• [Exercise details] The answer is an exact copy of the lines from the one with "2-in-1 Slow Feeder" to the end of the listing below, pictures left out.

• [Data extract]

◇ ◇ ◇ ◇

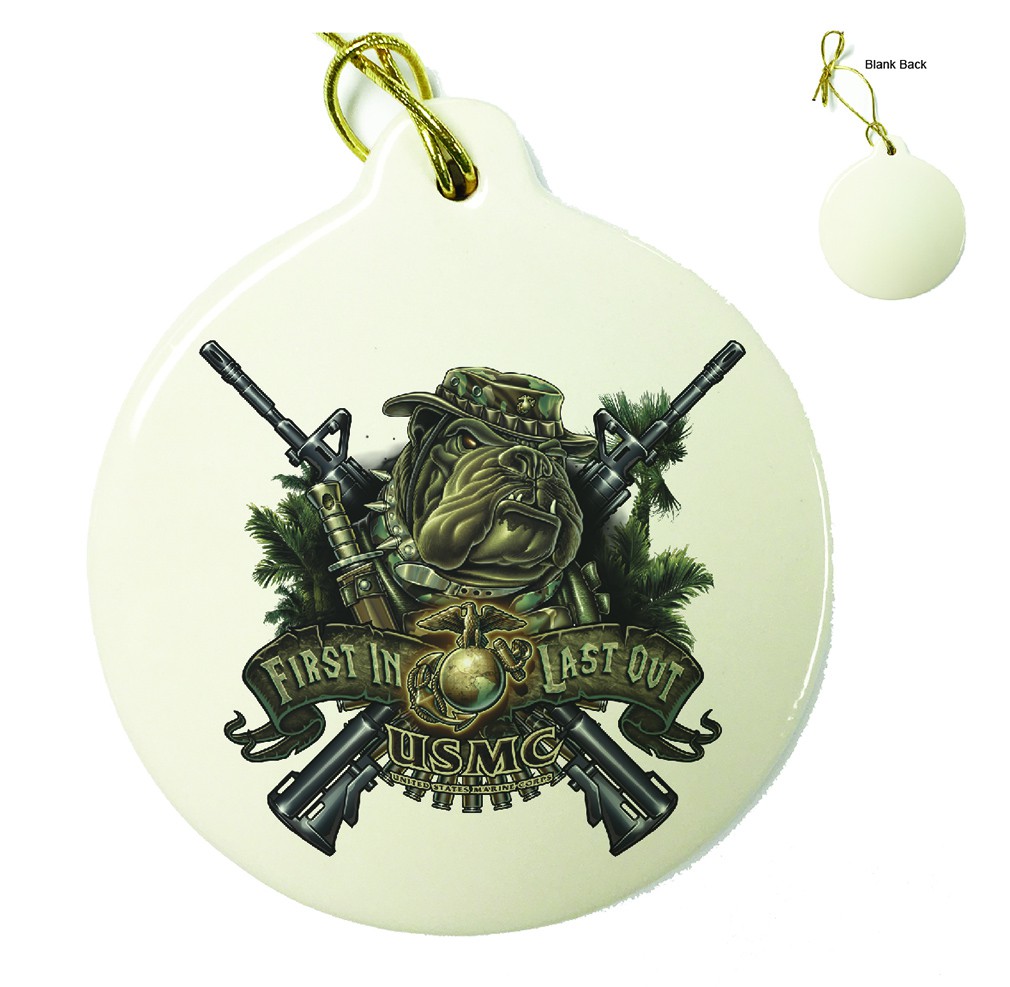Marine Devil Dog First In Last Out Porcelain Ornament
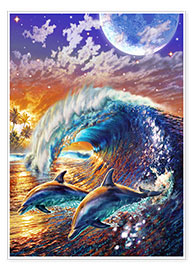 Poster Abendzeit der Delfine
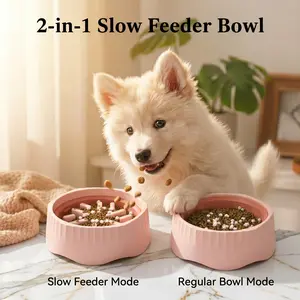 2-in-1 Slow Feeder Bowl with Maze-like Snowflake Pattern for Dogs & Cats Durable Easy to Clean 20.3cm Diameter Ideal for Mealtime & Digestion Removable Insert tiktokshopspringglowup feed outdoorfun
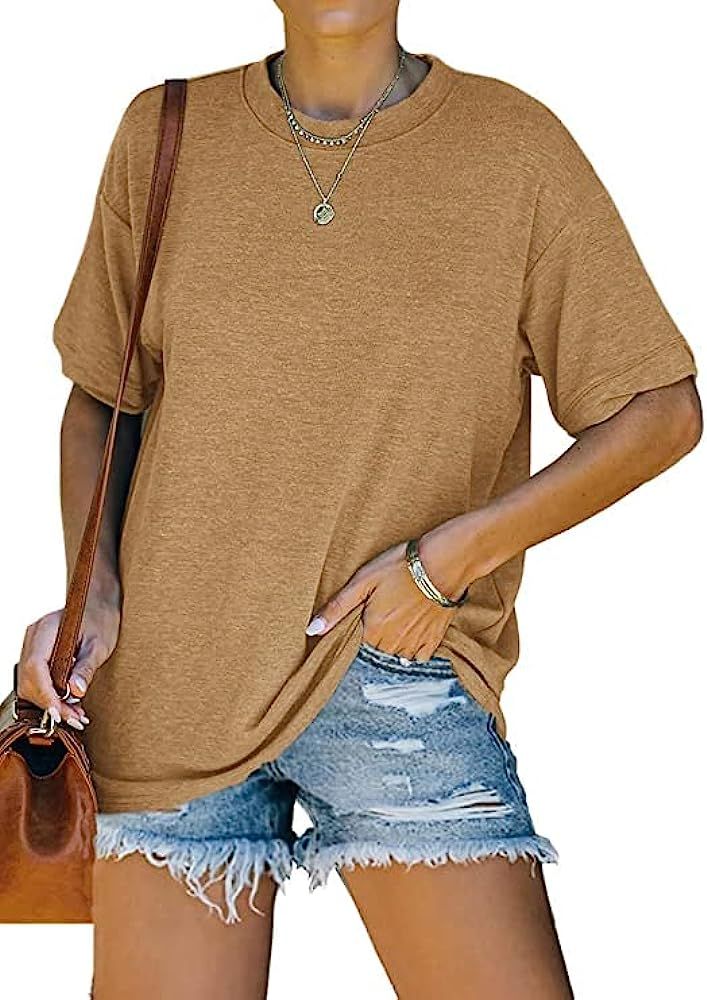 Cnkwei Womens Casual Short Sleeve T-Shirt Summer Crew Neckline Loose Fit Tunic Tee Tops | Amazon (US)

◇ ◇ ◇ ◇

• [Exercise solution]
 2-in-1 Slow Feeder Bowl with Maze-like Snowflake Pattern for Dogs & Cats Durable Easy to Clean 20.3cm Diameter Ideal for Mealtime & Digestion Removable Insert tiktokshopspringglowup feed outdoorfun
 Cnkwei Womens Casual Short Sleeve T-Shirt Summer Crew Neckline Loose Fit Tunic Tee Tops | Amazon (US)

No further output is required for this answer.